David Lee Roth's 1986 solo debut, Eat 'Em and Smile, and the band behind it have taken on legendary status as the years wear on.

Eat 'Em And Smile is not only a great album, but it features Roth at his Rothiest and backed by a virtuoso band that was at-worst musical equals of Van Halen, which Roth left a year earlier.

Roth and his band, consisting of Steve Vai, Billy Sheehan and Gregg Bissonette, provided a welcome alternative to VH fans angry at Roth's departure and suffering from a kind of step-parent syndrome at Sammy Hagar joining the band.  

While Roth hasn't performed with his eponymous band since 2006, Vai maintains that working on Eat 'Em and Smile was one of the highlights of his incredible career. The guitarist says he's maintained relationships with all his former Roth bandmates (Roth himself is still a friend but is harder to get in touch with).

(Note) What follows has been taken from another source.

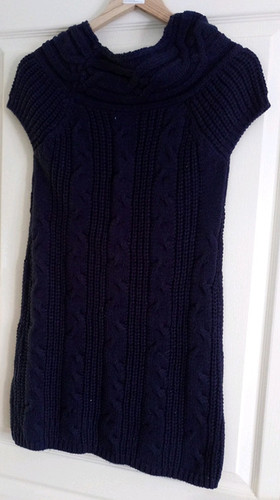 Robe pull bleu marine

"We were talking and it was mentioned that Eat 'Em and Smile was coming up on a 30th-year anniversary," Vai told Eddie Trunk in a recent interview. "And also they were telling me about this Lucky Strike Bowling Alley [in Los Angeles] that has these fan fairs going on on Wednesday nights ... it's like a jam and a lot of people go down there and play."

The musicians agreed to head to the bowling alley to play a few songs from the record as "a kind of 30th-year nod." But the night took a turn when Vai reached out to Roth, out of courtesy, to see if he wanted to join in. 

"I didn't think he'd be interested and he's like, 'Sure, man! I'll be there!'" Vai recalled his surprise. "We didn't tell anybody Dave was going to be there."

"They announced that it was gonna happen ... they didn't say Dave was going to be there [they advertised Steel Panther singer Ralph Michael Saenz] and it just got very packed," Vai continued.  

Vai says Dave then came over to his home studio go over the music together for the first time in decades, then they drove over to the venue.

"We pull up to the place and there was a line, like, probably five feet thick that went all the way down Highland, around Hollywood Boulevard..."

The venue wasn't just packed, Vai said; it was way, way over capacity. 

"We get up to the place and it's like slammed," Vai recalled. "And that's when people saw Dave was there. So we're in the back ... this place holds like 350 people and they stuffed 1,700 people ... it's a bowling alley.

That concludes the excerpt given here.